Democratic Sen. Barbara Boxer of California underlined the importance of spreading the ethos that violence against women was not the behavior of a “real man.” She suggested using famous athletes and other popular role models as the faces of an effort to get more men to speak up. “Women can’t do this alone,” Boxer said. “This is a partnership.”
The bill has been introduced four times since 2007, but, despite bipartisan support, it has not had enough Republican support to pass. Although the legislation has yet to be discussed outside of the subcommittee, Senate Foreign Relations Committee Chairman Robert Menendez, a Democrat from New Jersey, said that he plans to bring the issue to the attention of the full committee. “I struggle to understand why the United States has failed to pass the convention, but I understand politics,” said Democratic Sen. Dick Durbin of Illinois. “We need to acknowledge our responsibility and our leadership on issues.”

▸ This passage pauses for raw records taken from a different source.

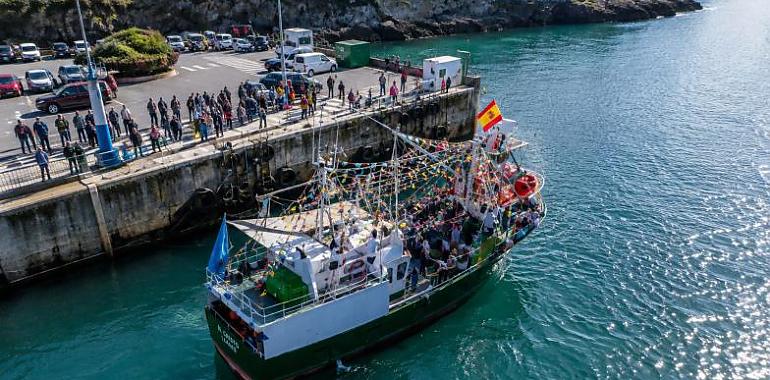 Llanes vuelve a mirar al mar: quiénes son los pescadores de Santa Ana que han convertido su Cofradía en Pueblo Ejemplar de Asturias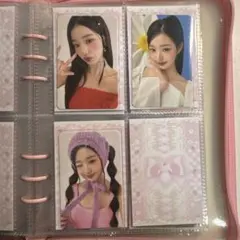 2026年最新】ive トレカ コンプの人気アイテム - メルカリ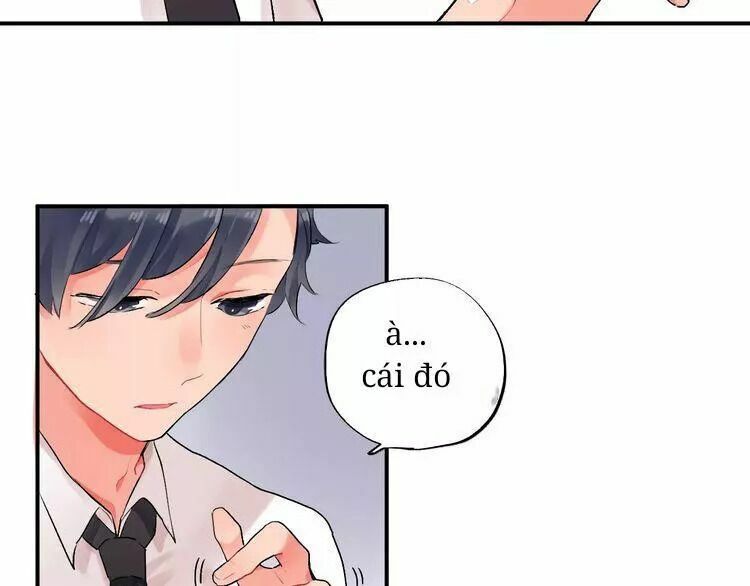 SOS! Tôi đã yêu một con sâu bướm: Chapter 18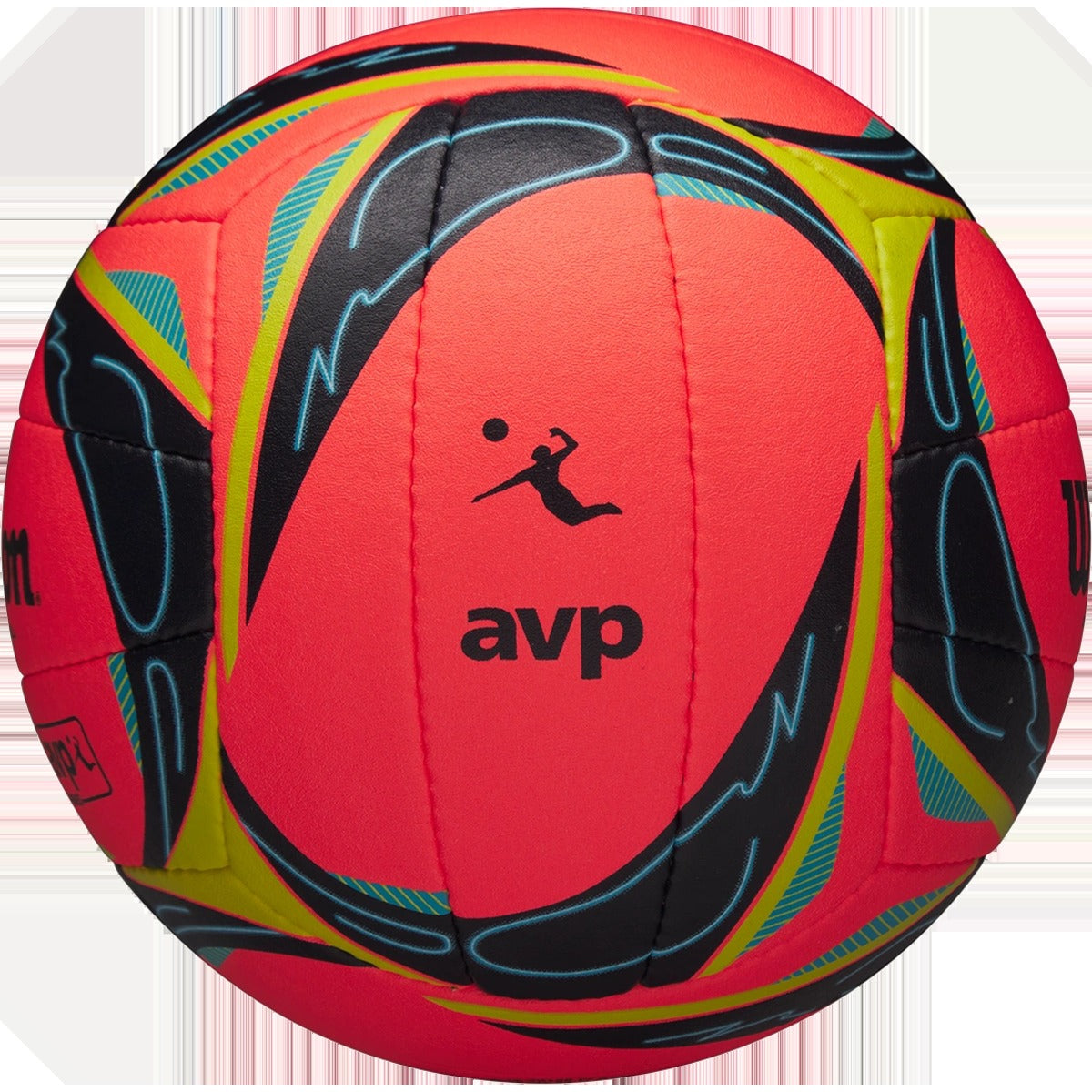 AVP OPTX Grass Game Volleyball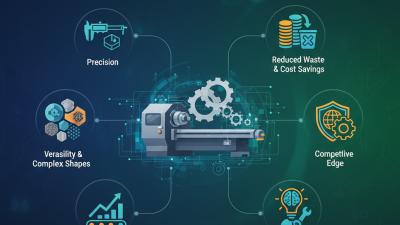 Why Choose a CNC Lathe Machine for Your Manufacturing Needs?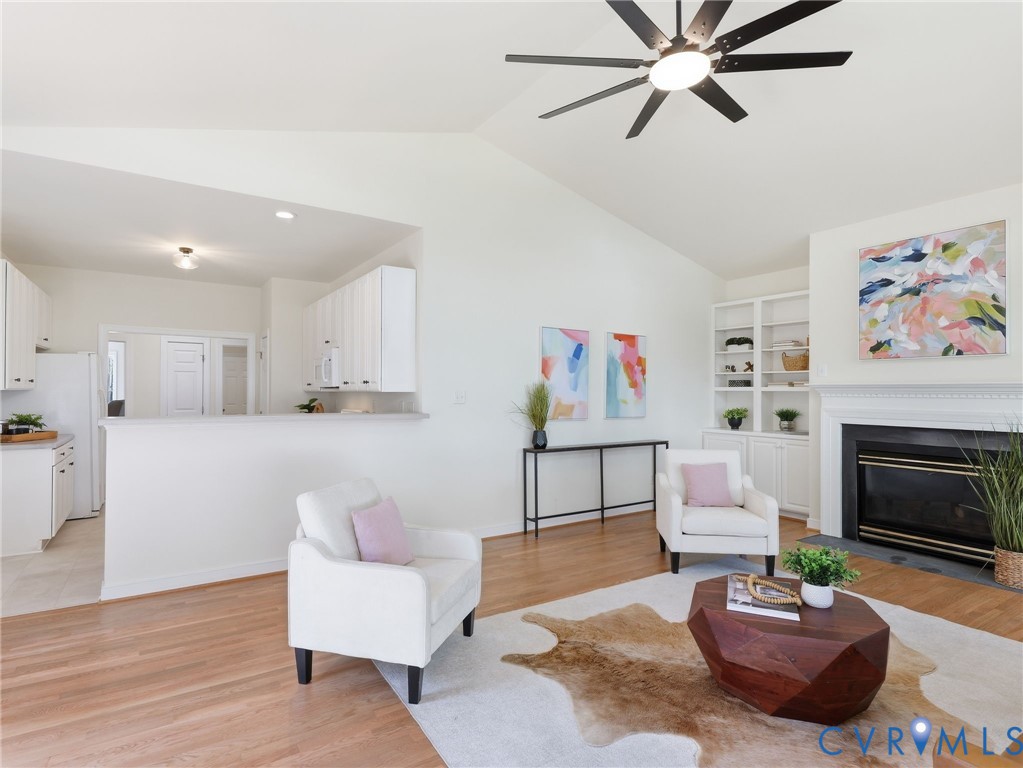 1406 Hawkins Wood Circle Midlothian, VA 23114 - Photo 10 of 30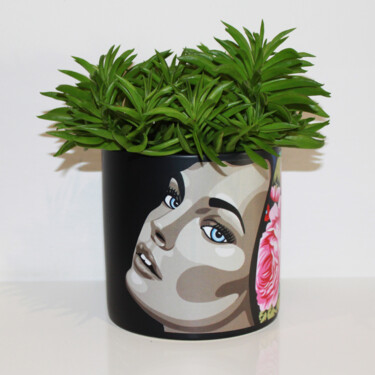 Artisanat intitulée "" Le Prince " série…" par Ann'Soco, Œuvre d'art originale, Décoration de maison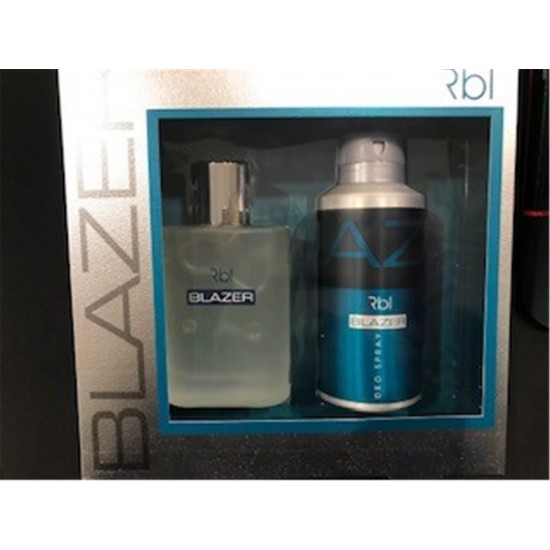 Rebul Kofre Blazer 150ml (Deo Spray Hediyeli 90ml) Bay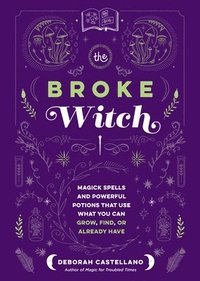 bokomslag Broke Witch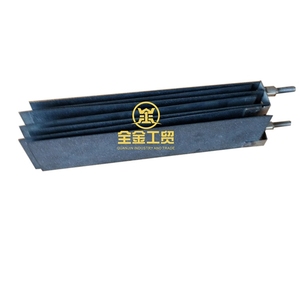 Ruthenium Iridium Dilapisi <span class=keywords><strong>Titanium</strong></span> Anoda Piring untuk Air Garam Chlorinator Elektrolisis Sel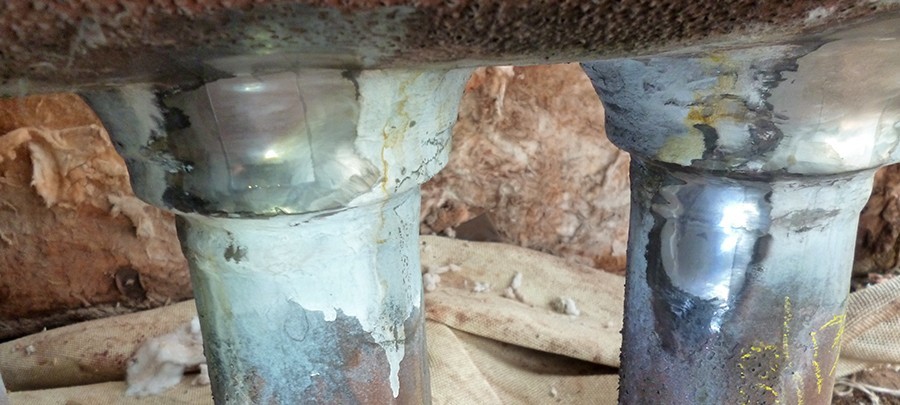 Repliche metallografiche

Panelist Gary Barker, International Director of Promundo, an international group that works to engage men to promote gender equality, discussed the importance of men who witnessed violence against women speaking up, as one of the many potential solutions. He cited a study that revealed that men who use violence likely saw their father being violent toward their mother or experienced violence themselves. The perpetrators believed that two-thirds of the men around them thought that this violence was acceptable. “Something is really engrained in silence of other men and how systems don’t react to it,” Barker said.
Because there is not enough prison space to imprison every man who has committed an act of violence, Barker said, it is necessary to think about prevention.